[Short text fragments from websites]
= = = =

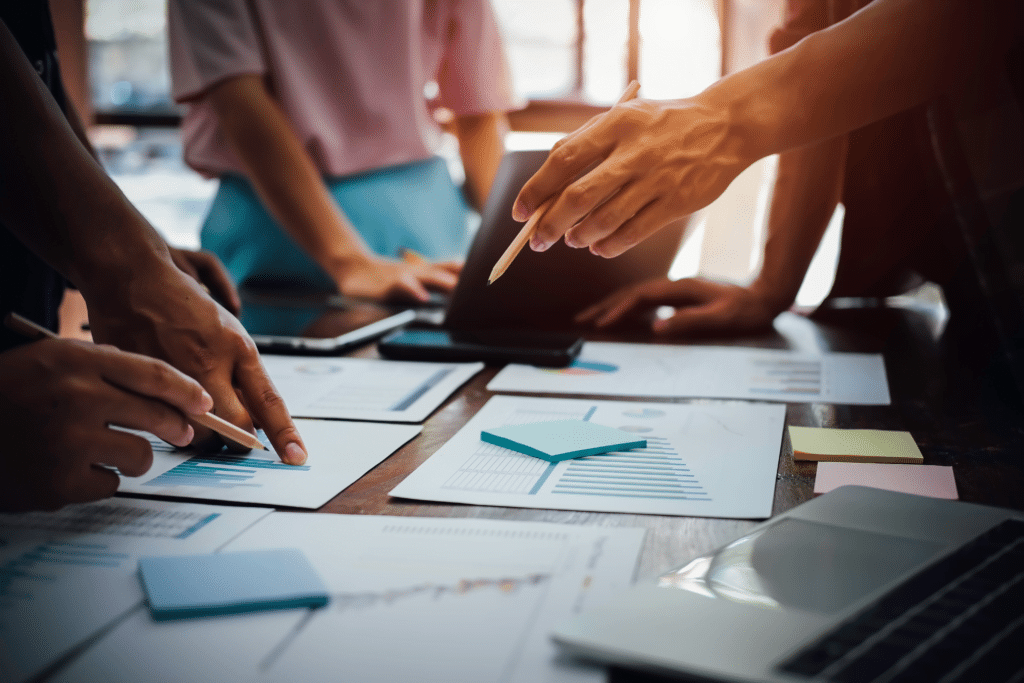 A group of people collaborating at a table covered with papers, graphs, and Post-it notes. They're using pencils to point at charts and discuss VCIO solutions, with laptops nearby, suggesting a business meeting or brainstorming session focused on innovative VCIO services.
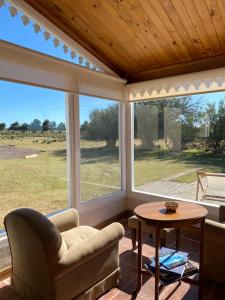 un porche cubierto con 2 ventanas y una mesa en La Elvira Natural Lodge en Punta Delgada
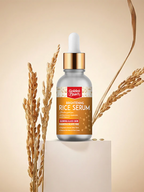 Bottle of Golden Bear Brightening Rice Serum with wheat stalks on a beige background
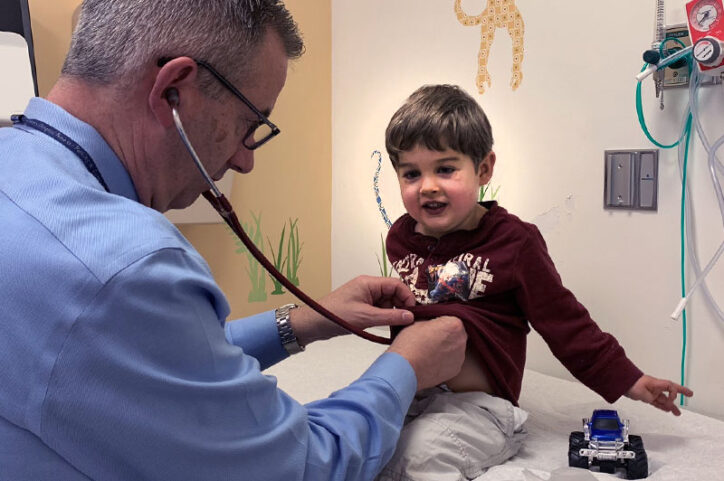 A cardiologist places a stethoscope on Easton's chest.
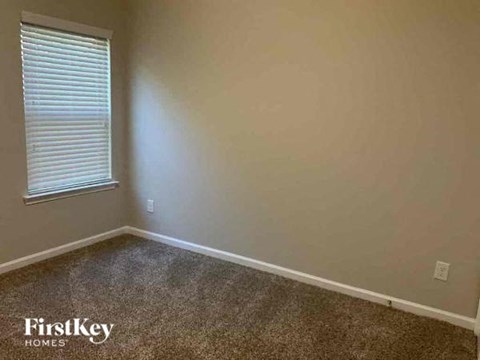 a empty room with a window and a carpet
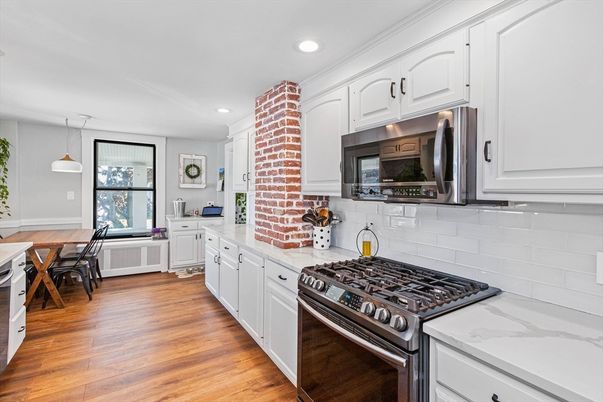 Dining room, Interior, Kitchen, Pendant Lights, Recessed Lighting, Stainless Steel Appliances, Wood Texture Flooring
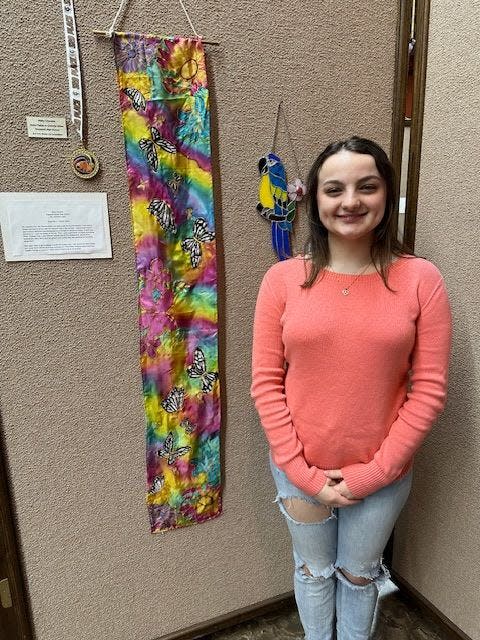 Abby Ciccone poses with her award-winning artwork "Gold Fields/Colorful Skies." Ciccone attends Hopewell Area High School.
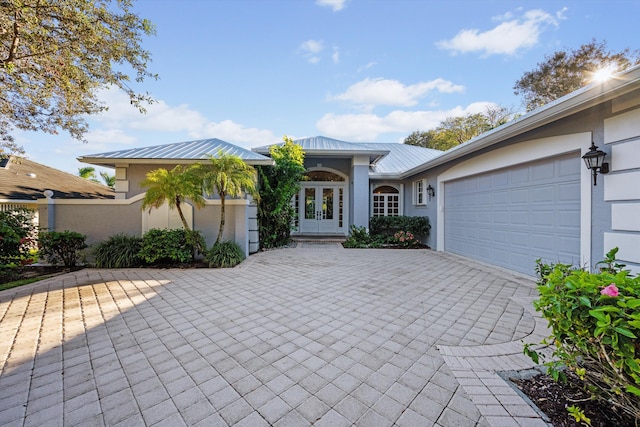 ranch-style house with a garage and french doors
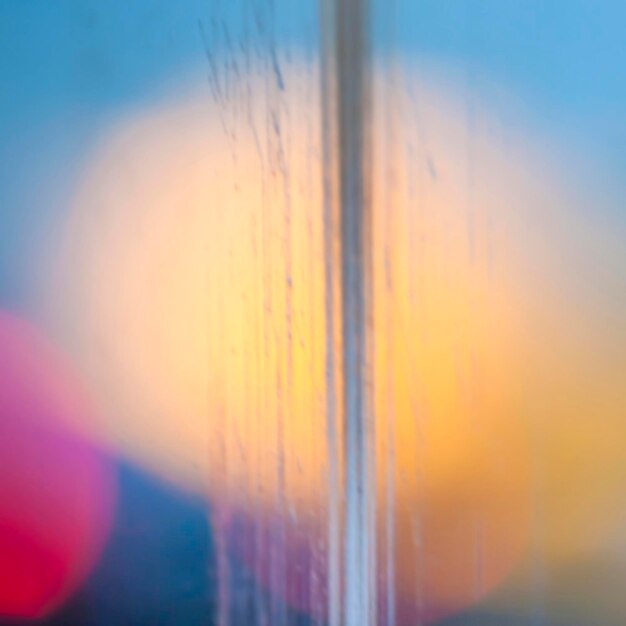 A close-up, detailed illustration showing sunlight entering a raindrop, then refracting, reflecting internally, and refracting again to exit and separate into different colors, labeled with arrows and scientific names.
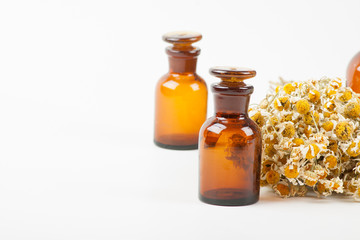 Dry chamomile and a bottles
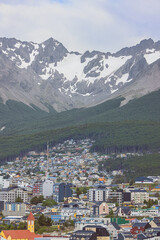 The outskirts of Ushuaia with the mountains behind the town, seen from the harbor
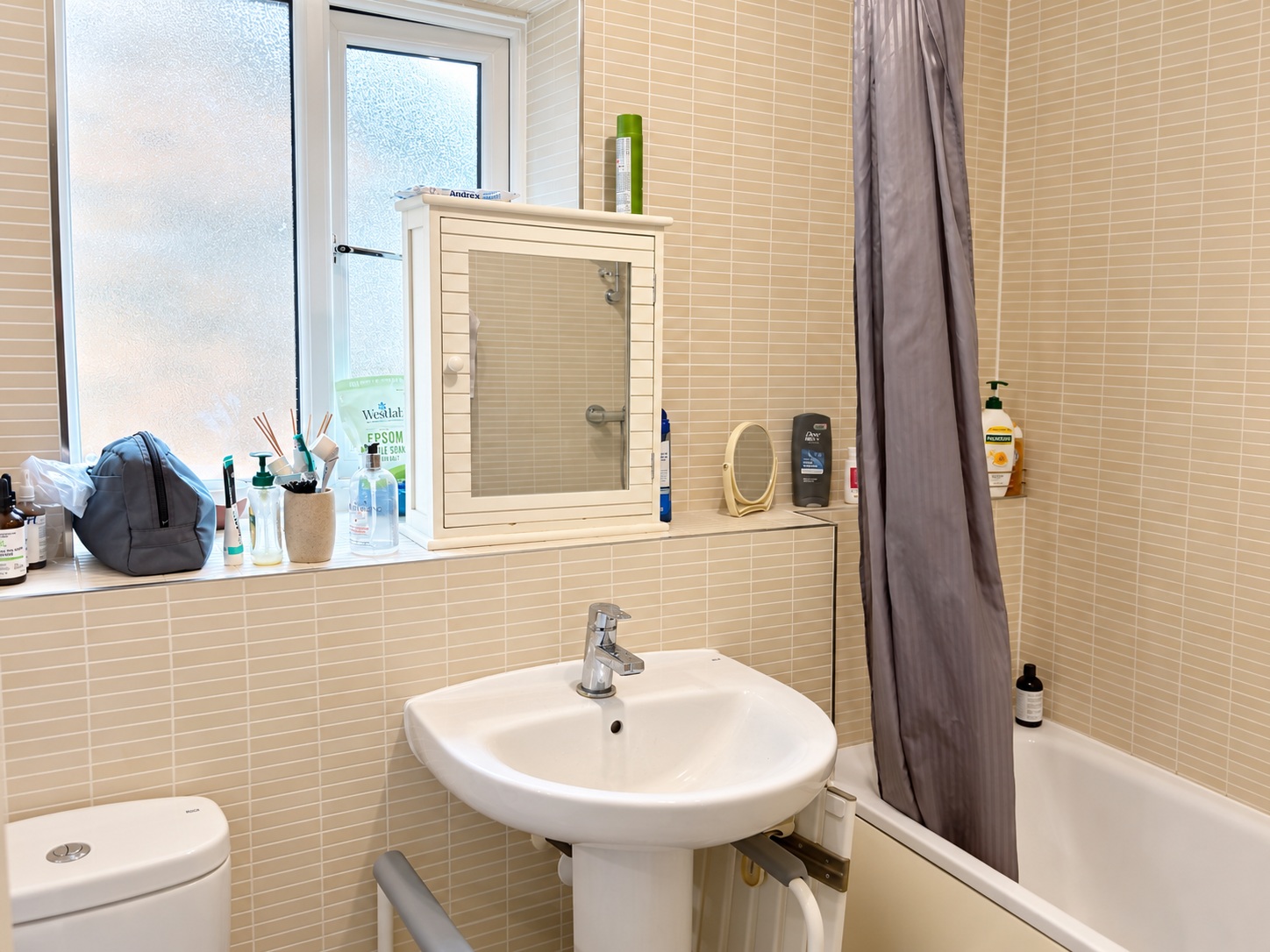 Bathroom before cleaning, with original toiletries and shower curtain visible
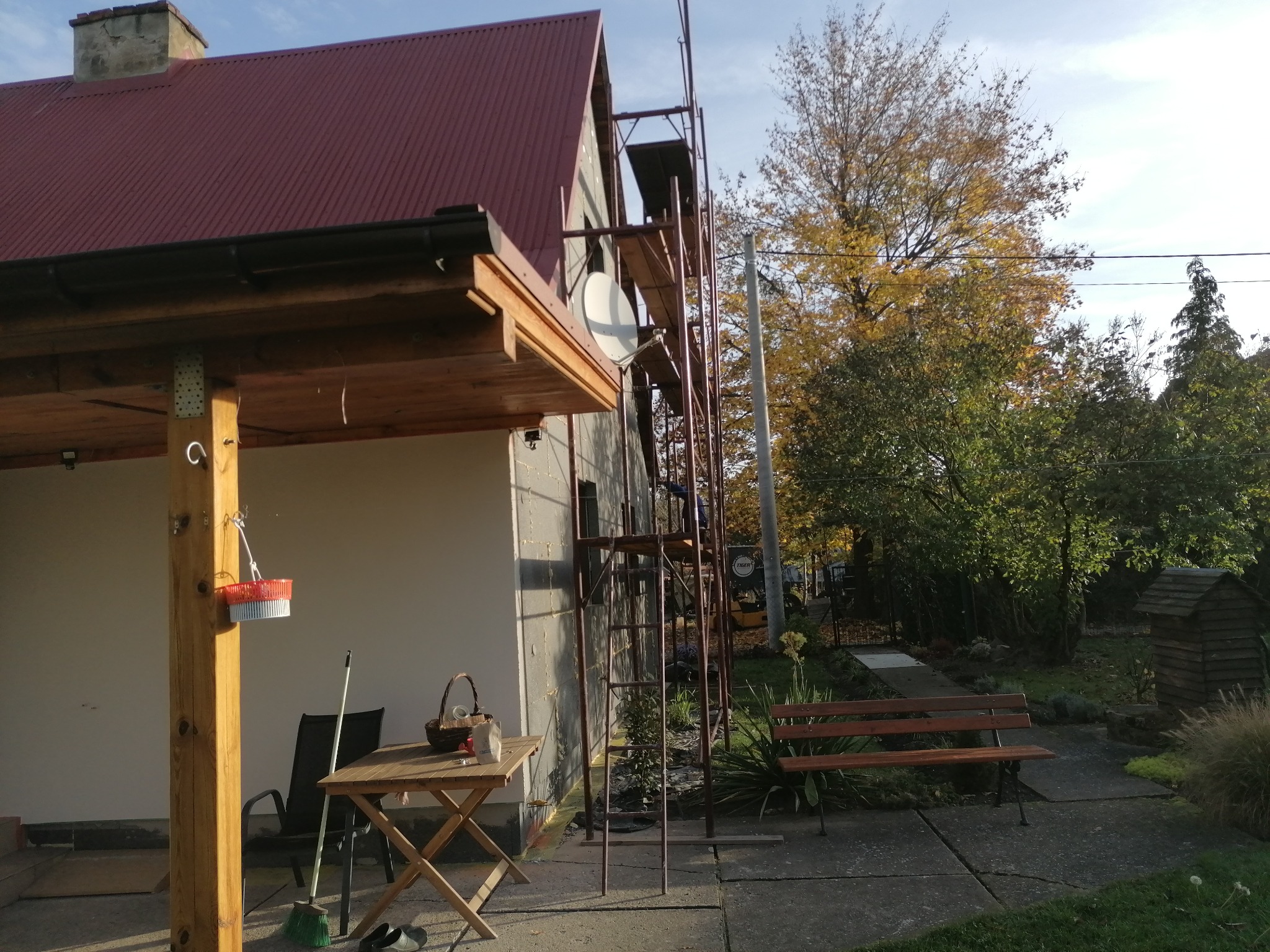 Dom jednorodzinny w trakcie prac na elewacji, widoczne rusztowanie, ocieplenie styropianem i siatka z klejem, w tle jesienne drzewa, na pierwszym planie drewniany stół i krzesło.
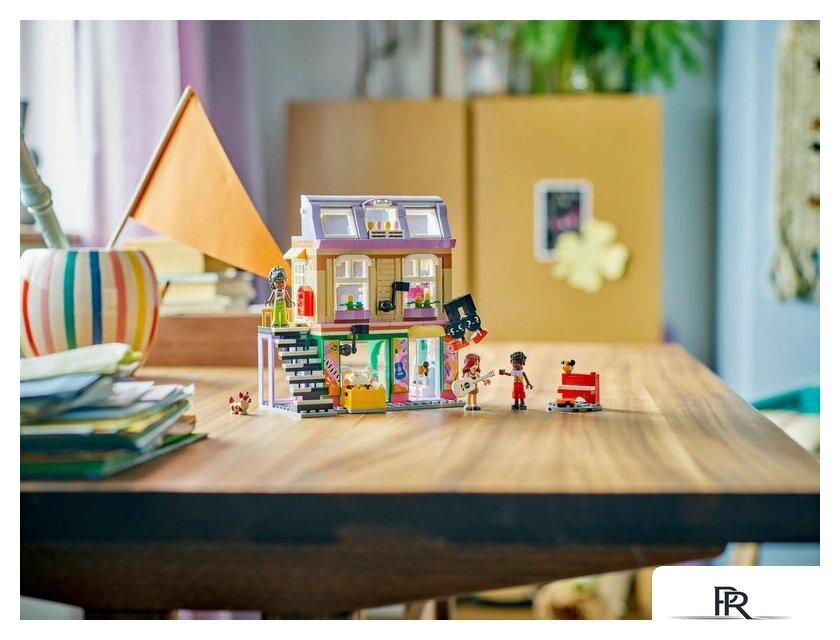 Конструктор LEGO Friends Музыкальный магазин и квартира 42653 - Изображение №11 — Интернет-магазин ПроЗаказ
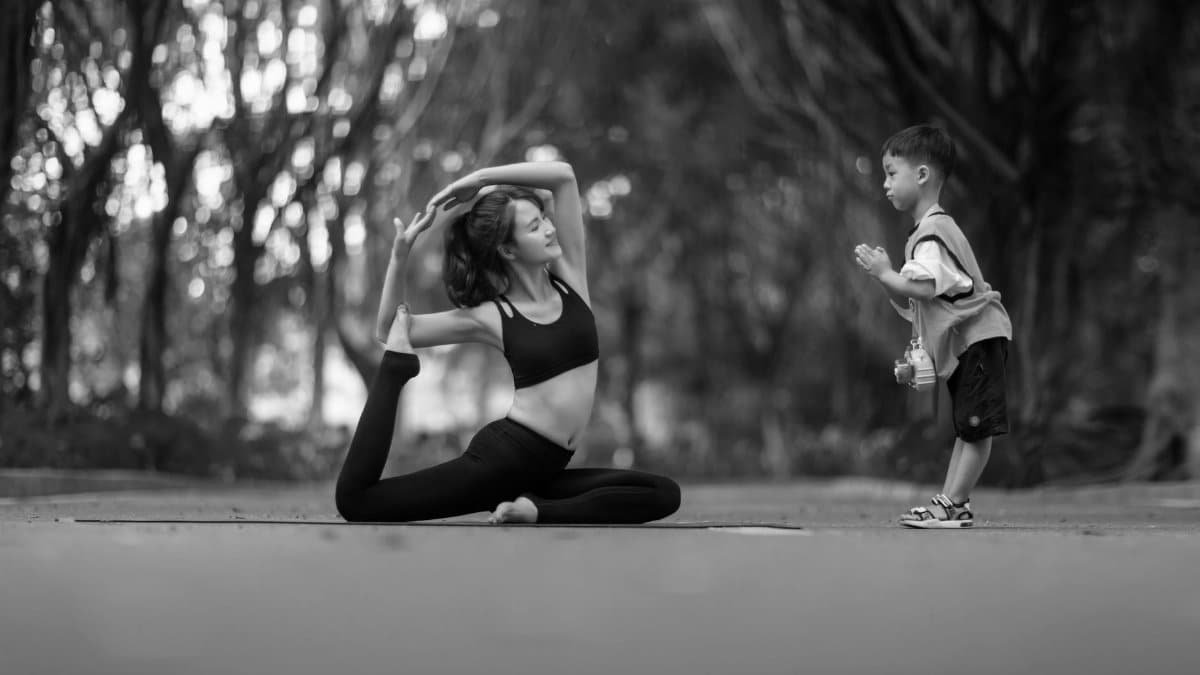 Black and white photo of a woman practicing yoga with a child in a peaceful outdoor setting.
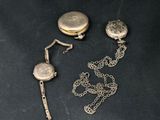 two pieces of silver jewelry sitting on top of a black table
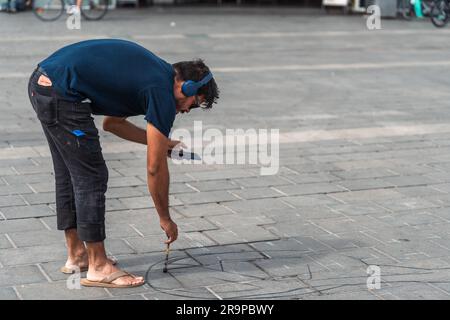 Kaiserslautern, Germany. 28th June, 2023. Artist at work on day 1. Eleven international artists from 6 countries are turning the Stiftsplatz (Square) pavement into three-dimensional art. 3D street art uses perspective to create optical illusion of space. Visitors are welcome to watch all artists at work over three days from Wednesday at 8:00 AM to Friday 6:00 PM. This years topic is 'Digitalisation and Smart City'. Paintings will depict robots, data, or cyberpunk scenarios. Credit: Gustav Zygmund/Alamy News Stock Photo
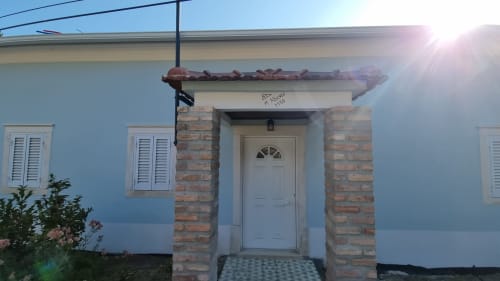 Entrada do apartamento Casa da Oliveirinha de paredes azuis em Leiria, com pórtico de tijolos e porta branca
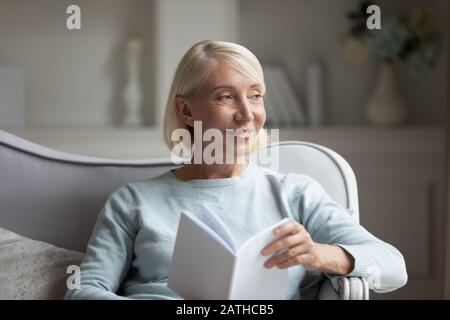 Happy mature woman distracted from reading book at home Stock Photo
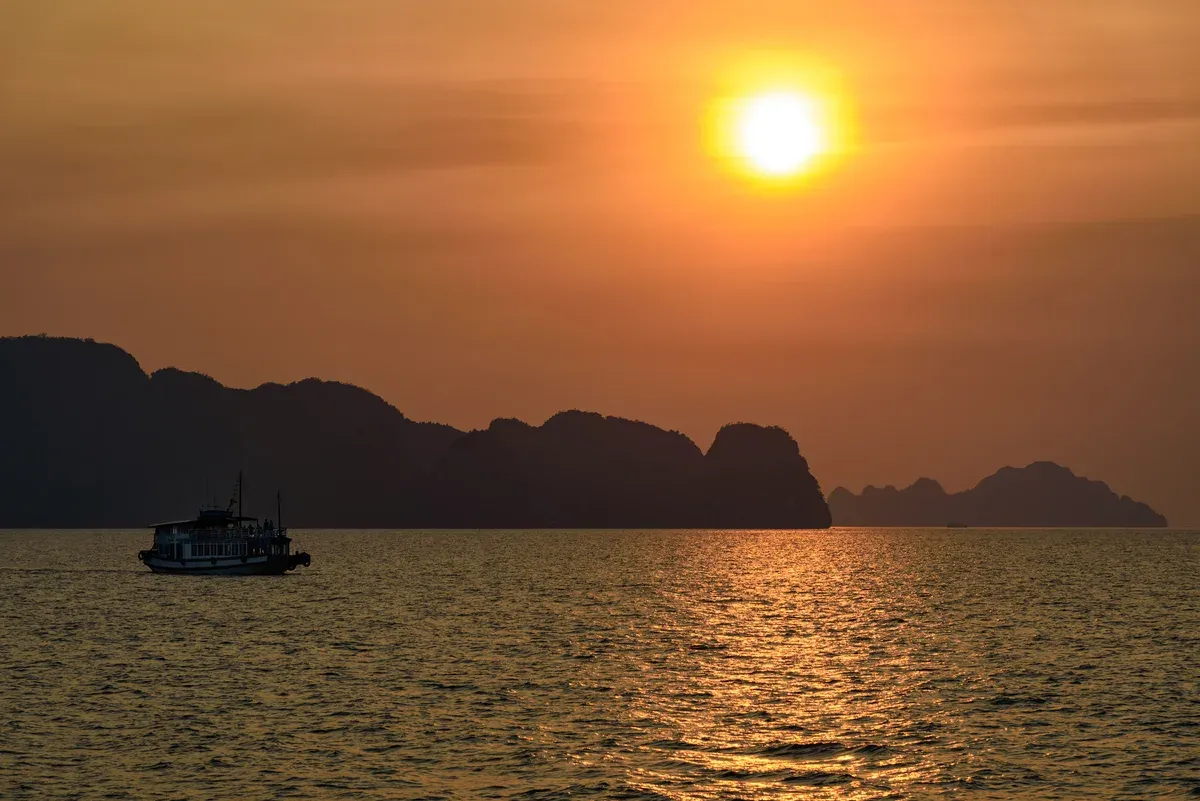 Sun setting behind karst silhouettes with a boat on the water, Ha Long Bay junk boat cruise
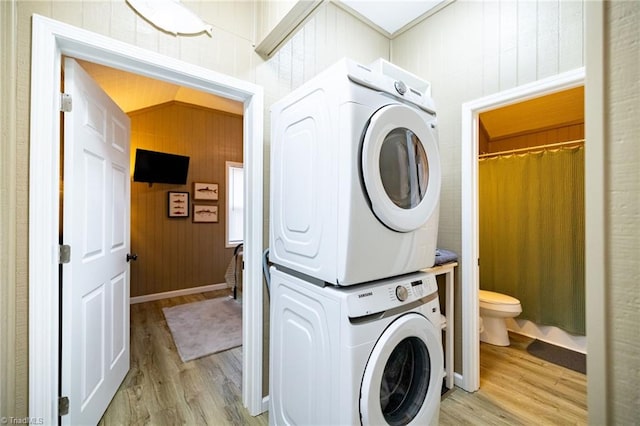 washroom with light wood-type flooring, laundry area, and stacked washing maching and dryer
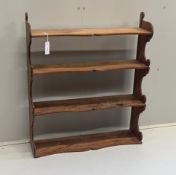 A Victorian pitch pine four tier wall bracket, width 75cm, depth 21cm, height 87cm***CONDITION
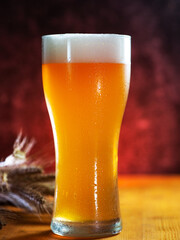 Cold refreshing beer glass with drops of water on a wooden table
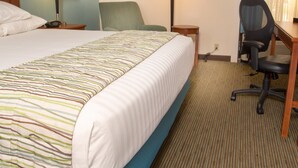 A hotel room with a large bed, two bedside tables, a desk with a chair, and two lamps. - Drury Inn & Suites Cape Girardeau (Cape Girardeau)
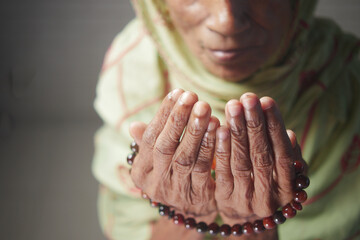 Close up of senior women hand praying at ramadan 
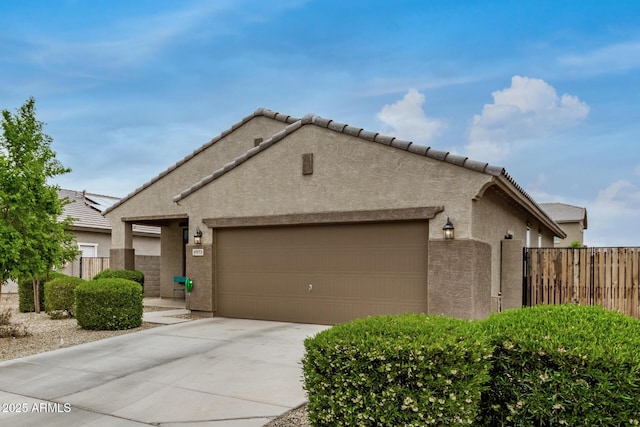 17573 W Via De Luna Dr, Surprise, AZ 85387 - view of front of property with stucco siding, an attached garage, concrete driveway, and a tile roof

= = = =

## Work instructions:
All the lines above are to be reproduced exactly, except the pictures.

## Response box:
 A group of people collaborating at a table covered with papers, graphs, and Post-it notes. They're using pencils to point at charts and discuss VCIO solutions, with laptops nearby, suggesting a business meeting or brainstorming session focused on innovative VCIO services.
 un porche cubierto con 2 ventanas y una mesa en La Elvira Natural Lodge en Punta Delgada
 Bottle of Golden Bear Brightening Rice Serum with wheat stalks on a beige background
 A cardiologist places a stethoscope on Easton's chest.
 a empty room with a window and a carpet
 Dining room, Interior, Kitchen, Pendant Lights, Recessed Lighting, Stainless Steel Appliances, Wood Texture Flooring
 Abby Ciccone poses with her award-winning artwork "Gold Fields/Colorful Skies." Ciccone attends Hopewell Area High School.
 ranch-style house with a garage and french doors
 A close-up, detailed illustration showing sunlight entering a raindrop, then refracting, reflecting internally, and refracting again to exit and separate into different colors, labeled with arrows and scientific names.
 Dry chamomile and a bottles
 The outskirts of Ushuaia with the mountains behind the town, seen from the harbor
 Bathroom before cleaning, with original toiletries and shower curtain visible
 Dom jednorodzinny w trakcie prac na elewacji, widoczne rusztowanie, ocieplenie styropianem i siatka z klejem, w tle jesienne drzewa, na pierwszym planie drewniany stół i krzesło.
 Конструктор LEGO Friends Музыкальный магазин и квартира 42653 - Изображение №11 — Интернет-магазин ПроЗаказ
 Black and white photo of a woman practicing yoga with a child in a peaceful outdoor setting.
 two pieces of silver jewelry sitting on top of a black table
 Kaiserslautern, Germany. 28th June, 2023. Artist at work on day 1. Eleven international artists from 6 countries are turning the Stiftsplatz (Square) pavement into three-dimensional art. 3D street art uses perspective to create optical illusion of space. Visitors are welcome to watch all artists at work over three days from Wednesday at 8:00 AM to Friday 6:00 PM. This years topic is 'Digitalisation and Smart City'. Paintings will depict robots, data, or cyberpunk scenarios. Credit: Gustav Zygmund/Alamy News Stock Photo
 Entrada do apartamento Casa da Oliveirinha de paredes azuis em Leiria, com pórtico de tijolos e porta branca
 Happy mature woman distracted from reading book at home Stock Photo
 Sun setting behind karst silhouettes with a boat on the water, Ha Long Bay junk boat cruise
 washroom with light wood-type flooring, laundry area, and stacked washing maching and dryer
 A Victorian pitch pine four tier wall bracket, width 75cm, depth 21cm, height 87cm***CONDITION
 Cold refreshing beer glass with drops of water on a wooden table
 A hotel room with a large bed, two bedside tables, a desk with a chair, and two lamps. - Drury Inn & Suites Cape Girardeau (Cape Girardeau)
 Close up of senior women hand praying at ramadan 
 17573 W Via De Luna Dr, Surprise, AZ 85387 - view of front of property with stucco siding, an attached garage, concrete driveway, and a tile roof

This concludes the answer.